Is it just Aberdeenshire?
- No. Across the UK, Ofcom reckons that 5% of homes and offices – a total of 1.4 million premises – cannot receive the minimum standard of 10MB broadband. In Aberdeenshire more than 10% of premises struggle with broadband speeds below 2MB – one fifth of the recommended minimum.
What's the problem?
- In the midst of the hype around the launch of the Digital Scotland Superfast Broadband programme, there was a lot of emphasis on bringing superfast broadband to rural communities, that might not otherwise be served on purely commercial terms.
- The expectation was that the £157 million of public money being poured into the scheme was to "level the playing field" and ensure that those of us who live outside the main towns would also have access to superfast broadband.
- We waited to see the trucks with optical fibre cable rolling out across the country to deliver fibre broadband to connection boxes close to communities or groups of houses.
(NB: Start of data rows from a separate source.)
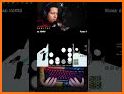 Agoti Tiles Hop Funny Friday Music game related image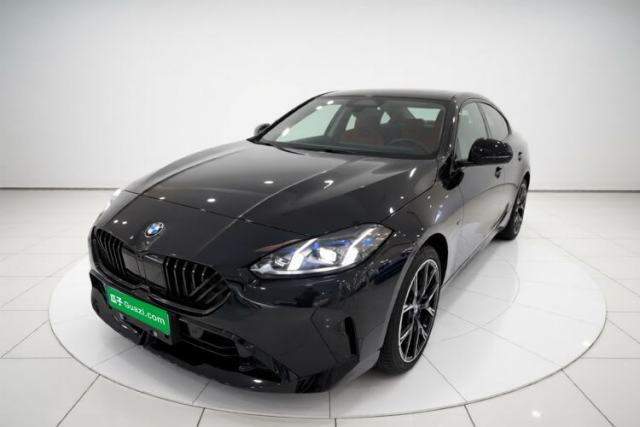 Used BMW 2 Series 2025 225L M Sport Night Edition Package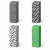 Коробка тук-энд с полноцветной запечаткой Флап, 70х70х160 мм Коробка тук-энд с полноцветной запечаткой Флап, 70х70х160 мм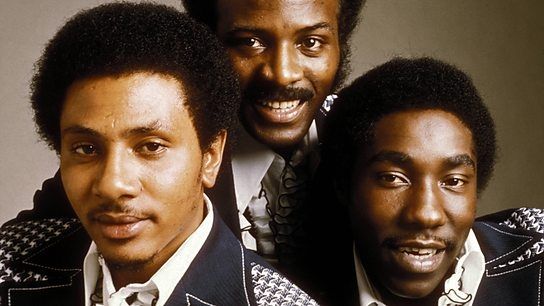 Foto de The O'Jays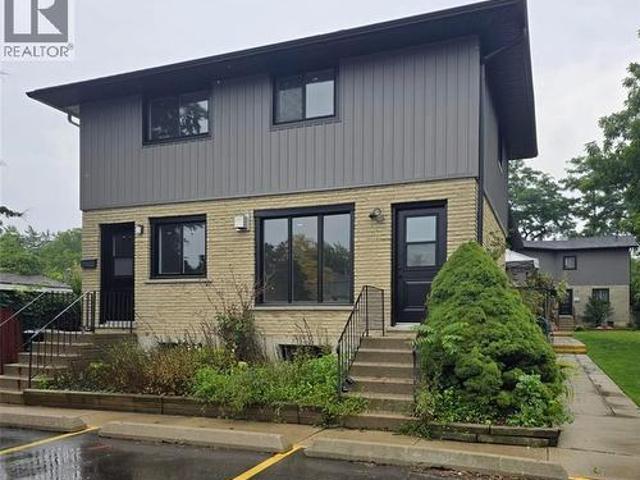 House for rent in Cambridge, Ontario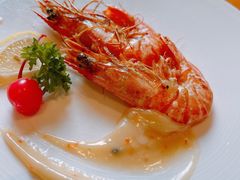 -竹幸日本料理(国光1937科技文化创意园店)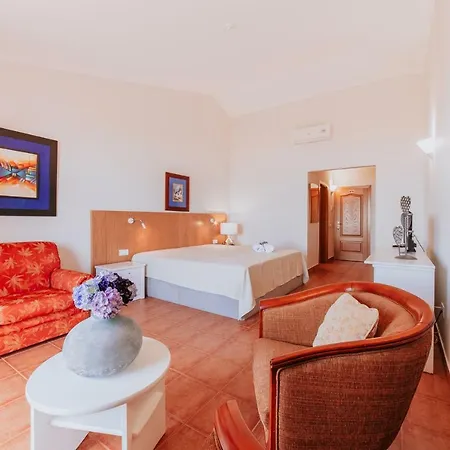 Villa Amore Accommodation Guest house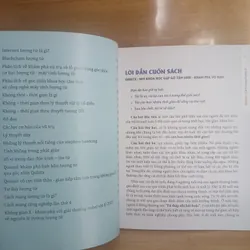 Cách Mạng Lượng Tử: Nơi Khoa Học Gặp Gỡ Tâm Linh & Blochchain Lượng Tử  713992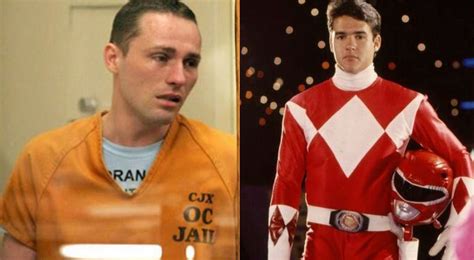 Skylar Deleon Mighty Morphin Power Rangers
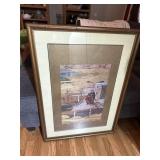 28x38 wall art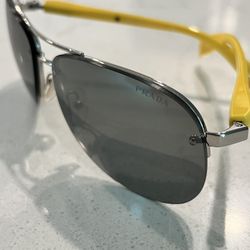 Prada Sunglasses (Non-Polarized)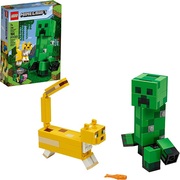 LegoBigFigCreeperandOcelot21156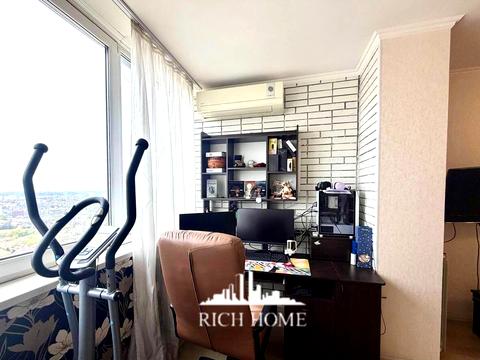 квартира за адресою Клінічна вул., 23/25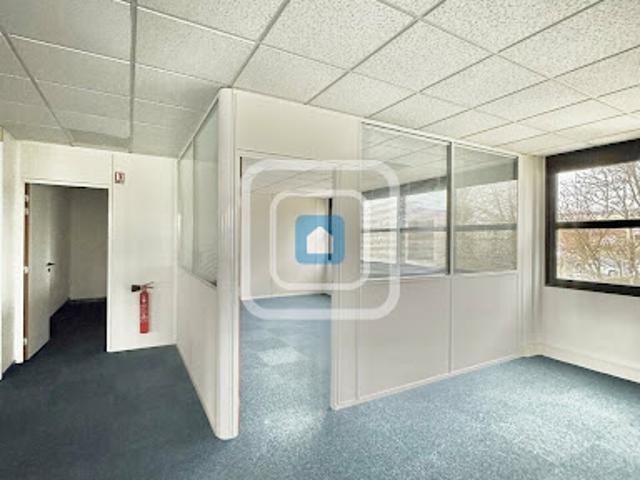 Bureau vente à Reims
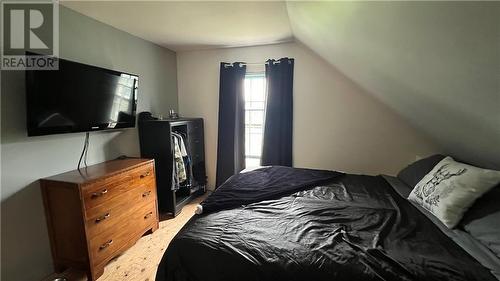 11 Maple Street, Riverside-Albert, NB - Indoor Photo Showing Bedroom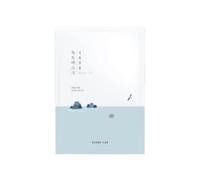 Round Lab - 1025 Dokdo Water Gel Mask Sheet - 30ml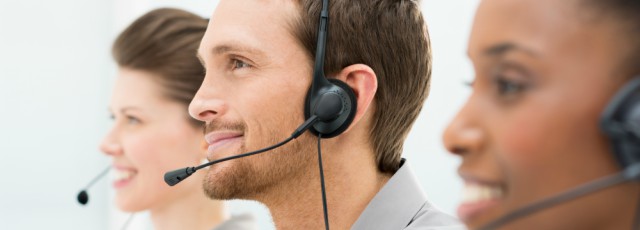 Customer Service Representative Interview Questions and Answers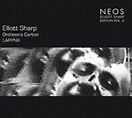 Larynx - Elliott Sharp edition - Volume 3 - Elliott Sharp - CD album ...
- It now transpires there was never any intention to replace the copper cable local network with fibre. As such – and knowing that beyond 1,200 metres from the fibre connection that the copper-cable losses would negate the fibre benefit – it must have been known that there was little chance of the programme providing superfast broadband to rural communities.
- Our house is about 2km from the fibre connection box located outside the exchange in the Aberdeenshire town of Kintore. Our line, upgraded as part of the DSSB programme, is no faster than it was before as an 'exchange only' line directly connected to the exchange.
- On a good day, our best speed is 5MB download – half the recommended minimum speed for UK households. Just over a kilometre away, in Kintore, householders are enjoying speeds ten times faster up to 70MB. Nearby, some of our neighbours get 0.5MB – 140 times slower than the speeds just over a mile away in Kintore.
- The reality of the Digital Scotland Superfast Broadband programme is that the "digital divide" between urban and rural subscribers has not been narrowed, as promised. In fact it has widened.
What happens now?
- There is assistance, in the form of subsidised satellite broadband, for those whose broadband service is not capable of delivering 2MB. But, for those of us between 2MB and 5MB there appears to be no help and little sympathy from the authorities.
- In our particular case we enquired about a Fibre Partnership. That's where householders get together and carry out much of the leg work (getting approval for wayleaves and other local permissions) and cost for contractors, while the operator provides expertise. We were turned down because our area is being considered for an enhanced scheme, which means we may get better broadband... possibly... some time... some speed... No-one can tell us.
10Mb Universal Service Obligation may cost users
- BT has said it will take on the challenge to deliver the government's 10Mb Universal Service Obligation (USO), meaning that all properties in Britain should be offered at least a 10Mb broadband service by 2020. This is still less than half the speed of "superfast" broadband.
- What has not been made clear, is whether the property owners will have to fund the infrastructure to deliver the USO broadband. BT have refused to be drawn on the subject. But, some authorities on the subject have suggested that the cost of delivering the USO broadband could amount to thousands of pounds for some properties.